Pagina:Guicciardini, Francesco – Storia d'Italia, Vol. II, 1929 – BEIC 1846262.djvu/65


libro quinto ‐ cap. xi 59

vando gli altri in prigione, fece strangolare in una camera Vitellozzo e Liverotto: de’ quali l’uno non aveva potuto fuggire il fato di casa sua, di morire di morte violenta, come erano morti tutti gli altri suoi fratelli, in tempo che avevano giá nell’armi grande esperienza e riputazione, e successivamente l’uno dopo l’altro, secondo l’ordine della etá, Giovanni di uno colpo di artiglieria nel campo che Innocenzio pontefice mandò contro alla cittá di Osimo, Cammillo soldato de’ franzesi di uno sasso intorno a Cercelle, e Pagolo decapitato in Firenze; ma di Liverotto non potette negare alcuno che non avesse fine condegno delle sceleratezze sue, essendo molto giusto che e’ morisse per tradimento chi poco innanzi aveva per tradimento ammazzato crudelissimamente in Fermo, per farsi grande in quella cittá, Giovanni Frangiani suo zio con molti altri de’ cittadini principali di quella terra, avendogli nella casa sua propria condotti a uno convito.

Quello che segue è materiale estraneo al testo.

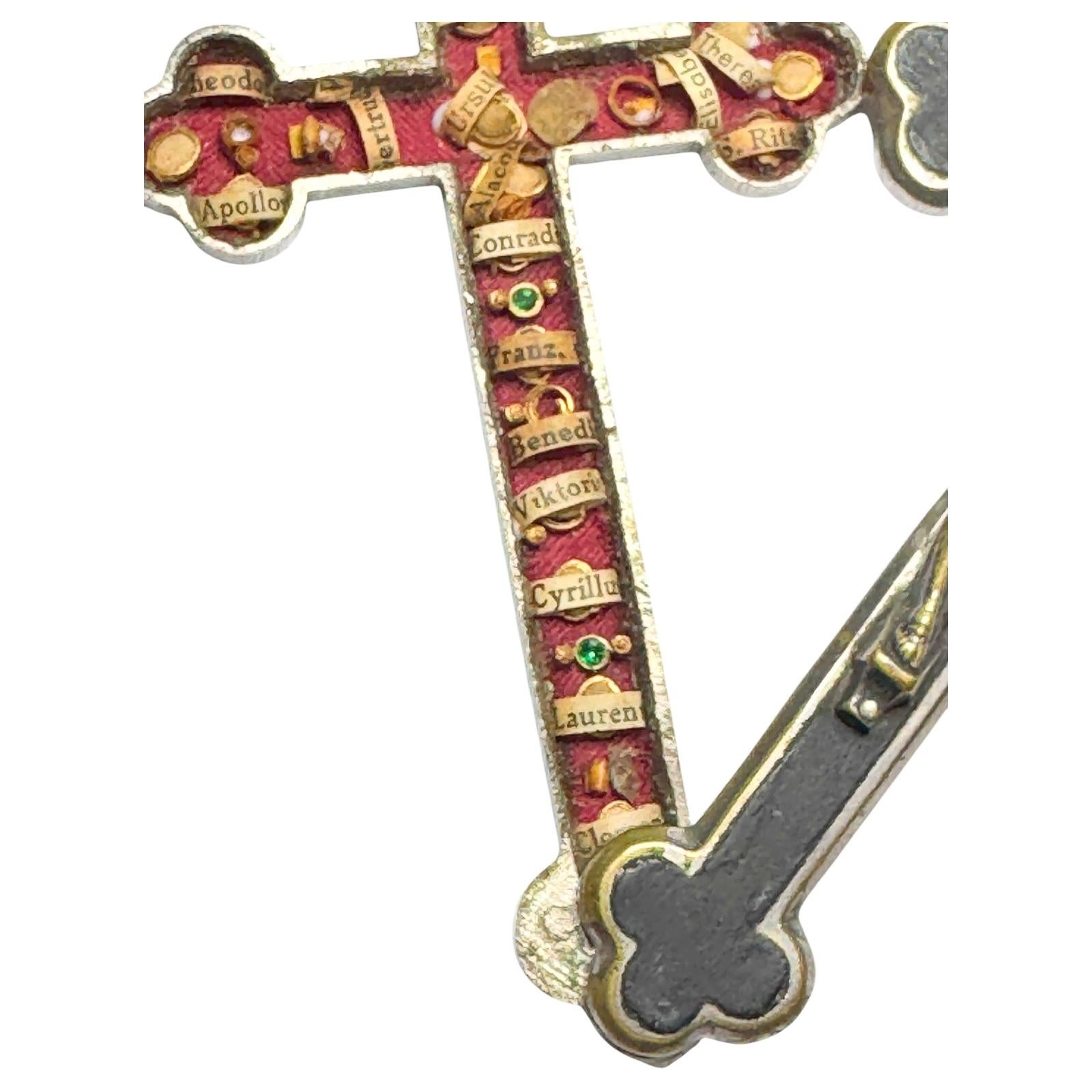 Antique Catholic Reliquary Box Crucifix Pendant with 18 Relics of Saints In Good Condition In Nuernberg, DE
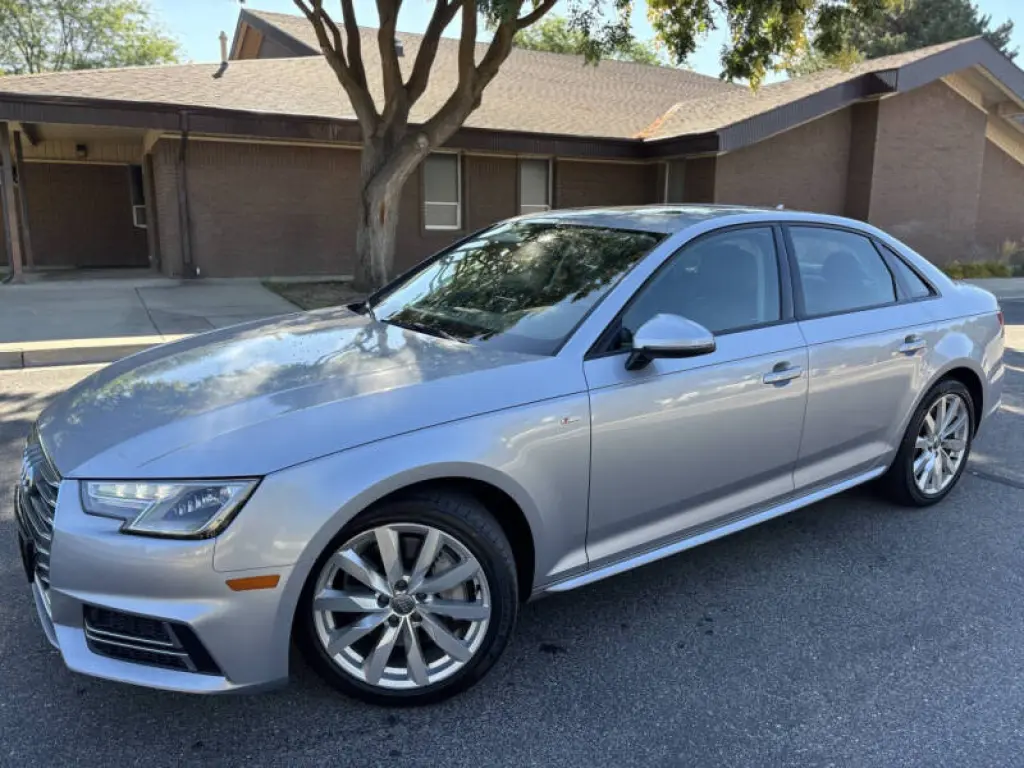 2018 Audi A4 2.0T quattro Premium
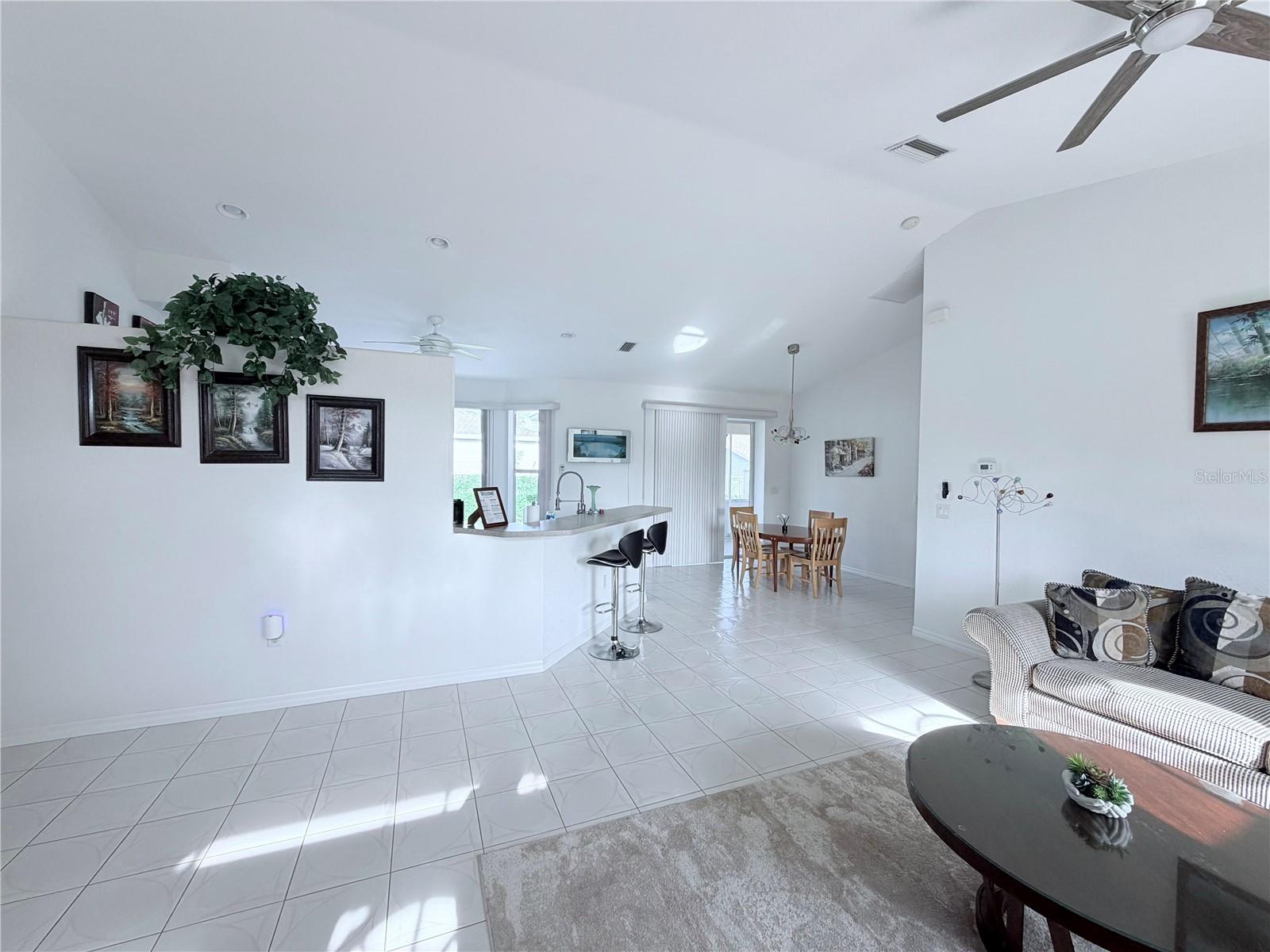 219 VENETIA AVE — photo 16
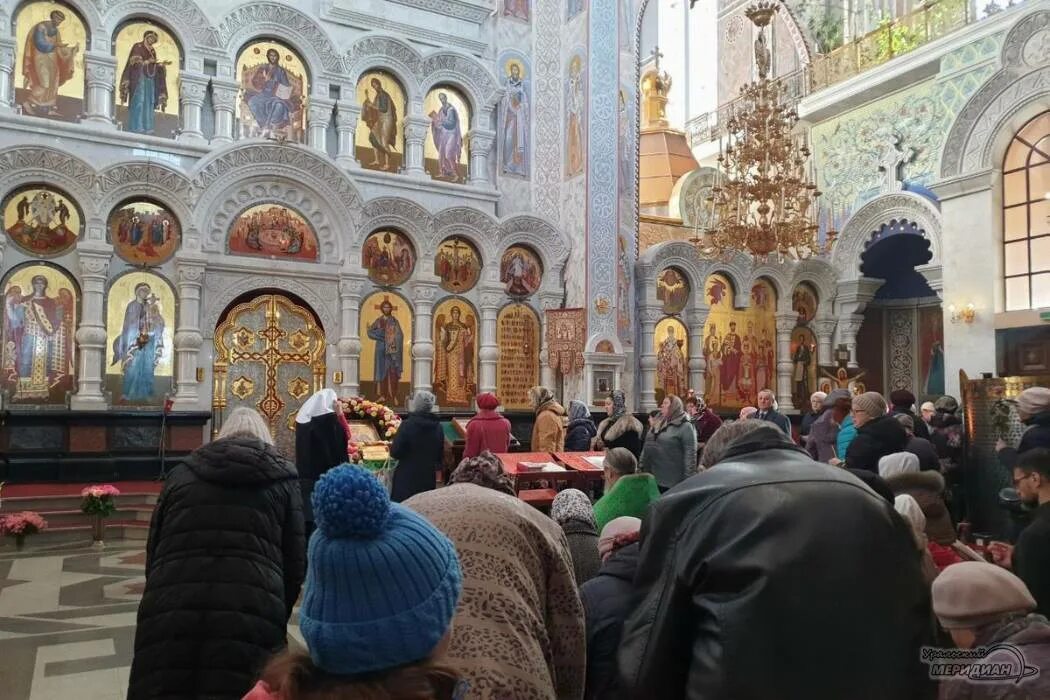 Поддержка храмов. Помощь храму. Матрона в Екатеринбурге. Мощи Матроны Московской в Екатеринбурге. Храм на крови Екатеринбург Матрона Московская очередь.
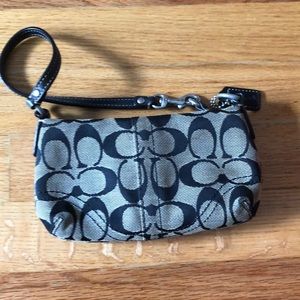 Coach zipper clutch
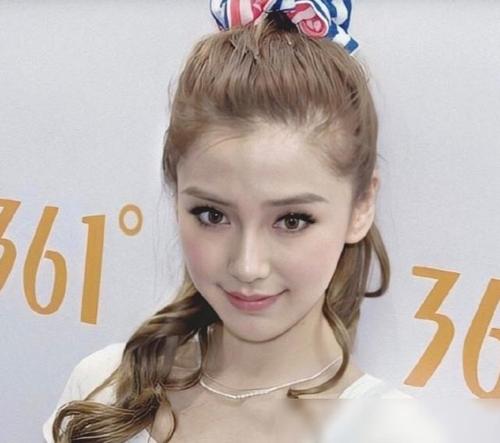 有种"果冻"叫杨颖早期的神颜,胶原蛋白都快滴出来了,嫩到滑溜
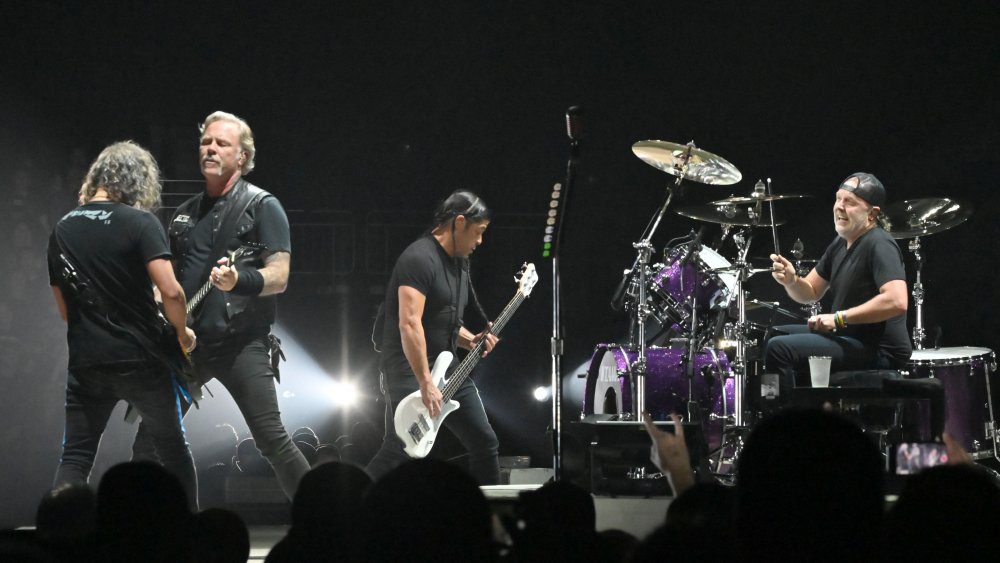Metallica играет перед живой аудиторией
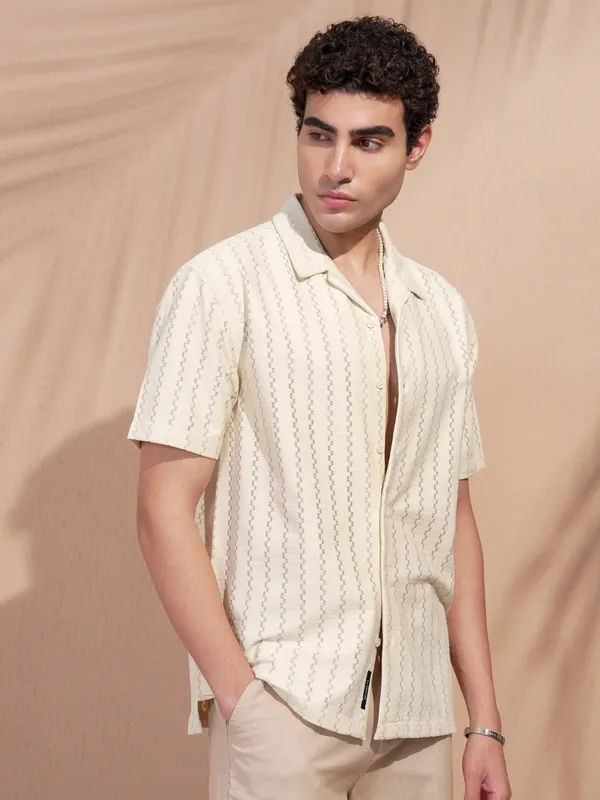 Highlander Men Beige Self Design Relaxed Fit Casual Shirt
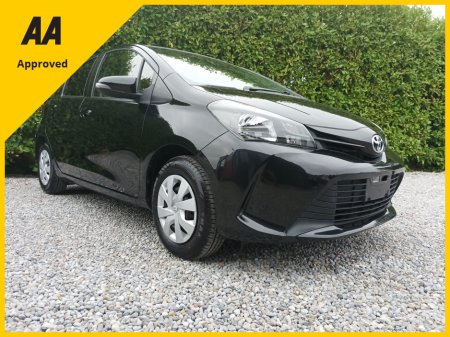 2016 Toyota Yaris 1.3 4 CYLINDER AUTO UNMARKED INSIDE AND OUT ONLY 43316KMS 6 SERVICE HISTORY STAMPS FACTORY IMMOBILISER PROXOIMITY KEY REVERSE CAMERA ANDROID AUTO / APPLE CAR PLAY TOUCH SCREEN RADIO 2 YEARS NCT €12,995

Non accadde in questo anno altra cosa memorabile, eccetto che Lodovico e Federico della famiglia de’ Pichi conti della Mirandola, essendo stati prima cacciati da Giovanfrancesco loro fratello, e pretendendo avervi, con tutto che fusse maggiore di etá, le medesime ragioni che lui, ottenute genti in aiuto loro dal duca di Ferrara, di una sorella naturale del quale erano nati, e da Gianiacopo da Triulzi suocero di Lodovico ne cacciorono per forza il fratello: cosa non tanto degna di memoria per se stessa quanto perché poi, negli anni seguenti, le controversie tra questi fratelli produssono effetti di qualche momento.